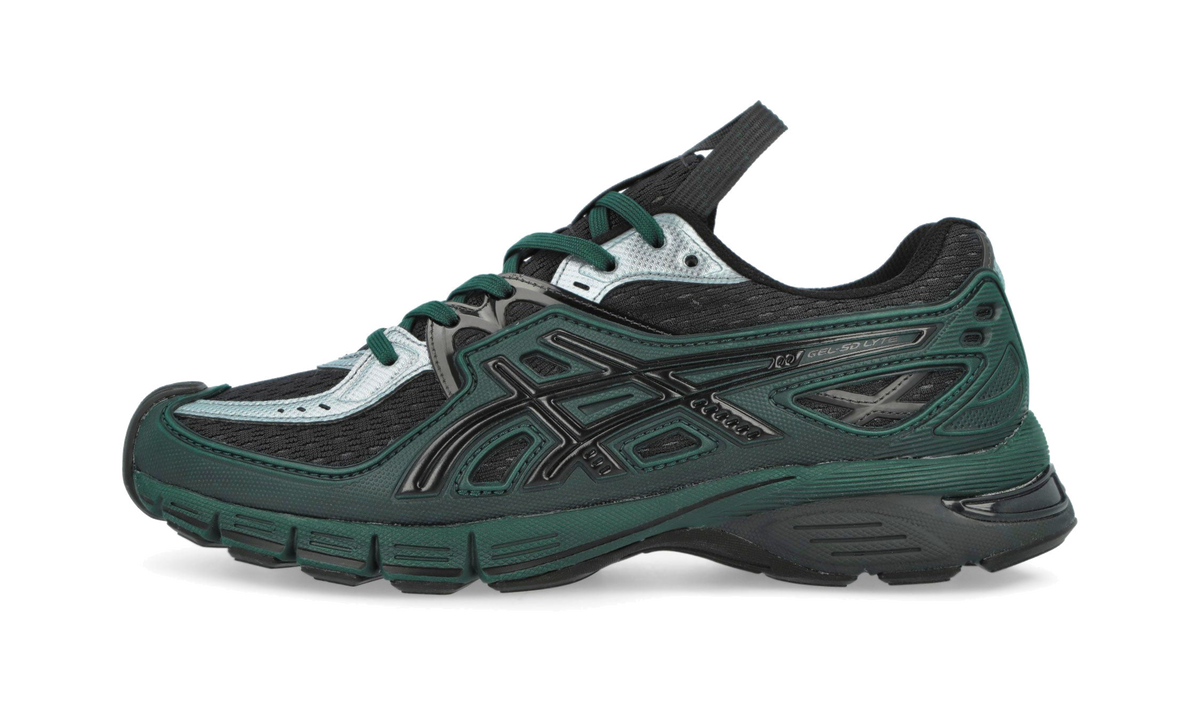 UB12-S Gel-SD-Lyte "Kiko Kostadinov - Obsidian Grey Grove" 1203A665 020
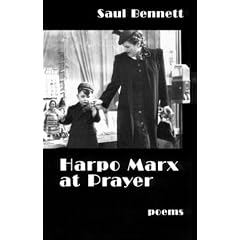 Harpo Marx at Prayer: Poems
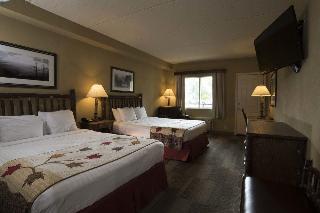 Hotel Oak Tree Lodge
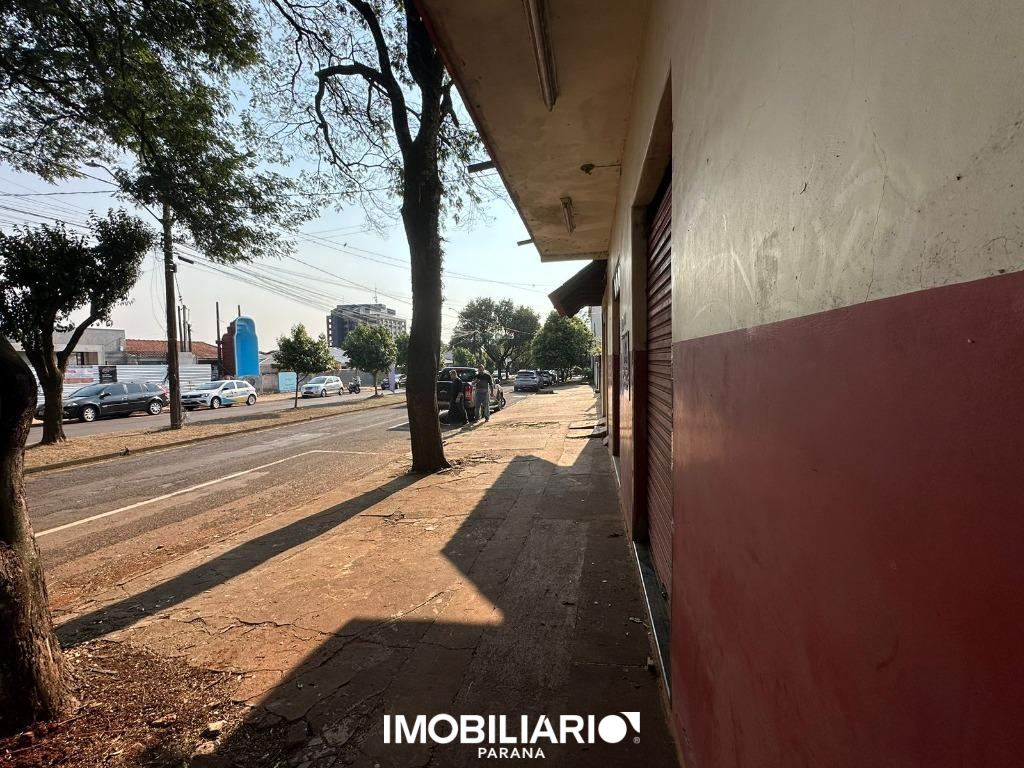 Terreno para  Venda em Campo Mourão pela Casa fácil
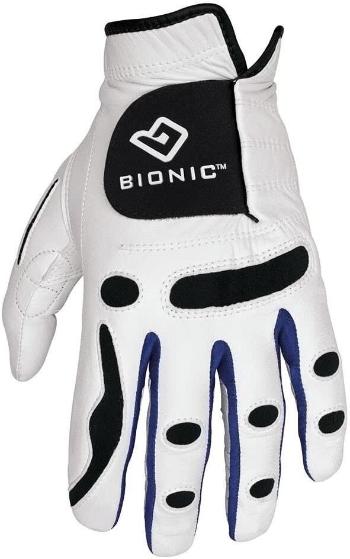 Bionic Gloves Performance White Ľavá ruka XL Pánske rukavice
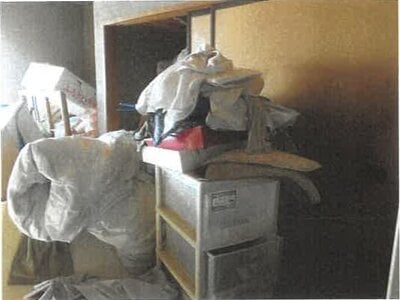 長野県長野市 豊野駅10分 戸建て 131万円の競売物件 #9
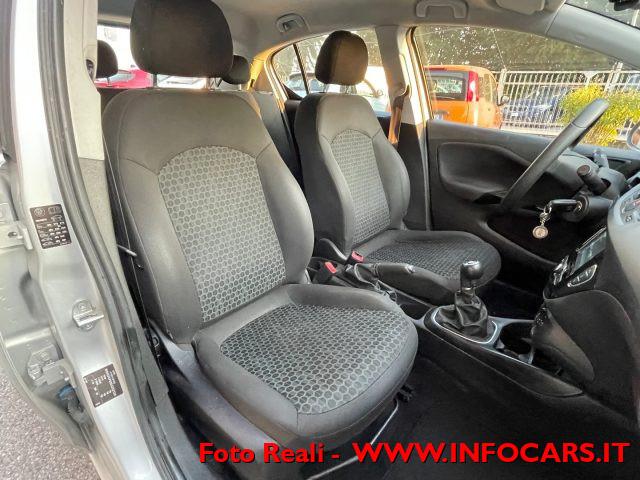 OPEL Corsa 1.4 5 porte Advance NEOPATENTATI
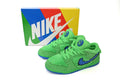 Nike SB Dunk Low – Classic Streetwear Sneakers (EU 36–45)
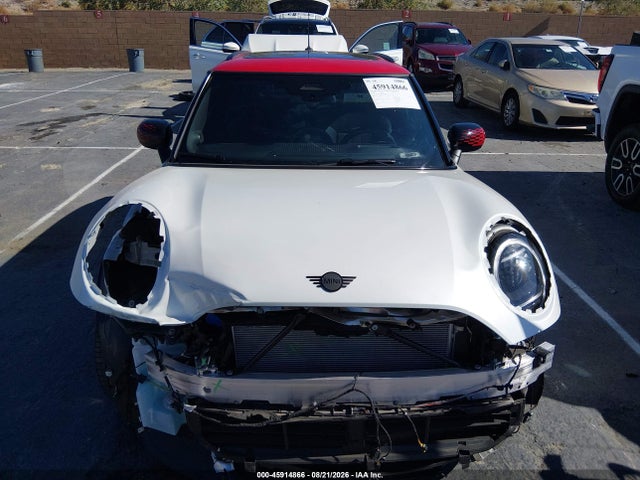 Продаж на аукціоні авто 2026 Mini Hardtop Jcw, vin: WMW33GD0XT2Y08773, номер лоту: 45914866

### Task item
Transcribe exactly the lines above, beginning at the one with "Harpo Marx at Prayer: Poems" and going up to and including the one with "OPEL Corsa 1.4 5 porte Advance NEOPATENTATI". Pictures do not belong in the copy.

### Exercise response
 Harpo Marx at Prayer: Poems
 Hotel Oak Tree Lodge
 Terreno para  Venda em Campo Mourão pela Casa fácil
 Bionic Gloves Performance White Ľavá ruka XL Pánske rukavice
 長野県長野市 豊野駅10分 戸建て 131万円の競売物件 #9
 OPEL Corsa 1.4 5 porte Advance NEOPATENTATI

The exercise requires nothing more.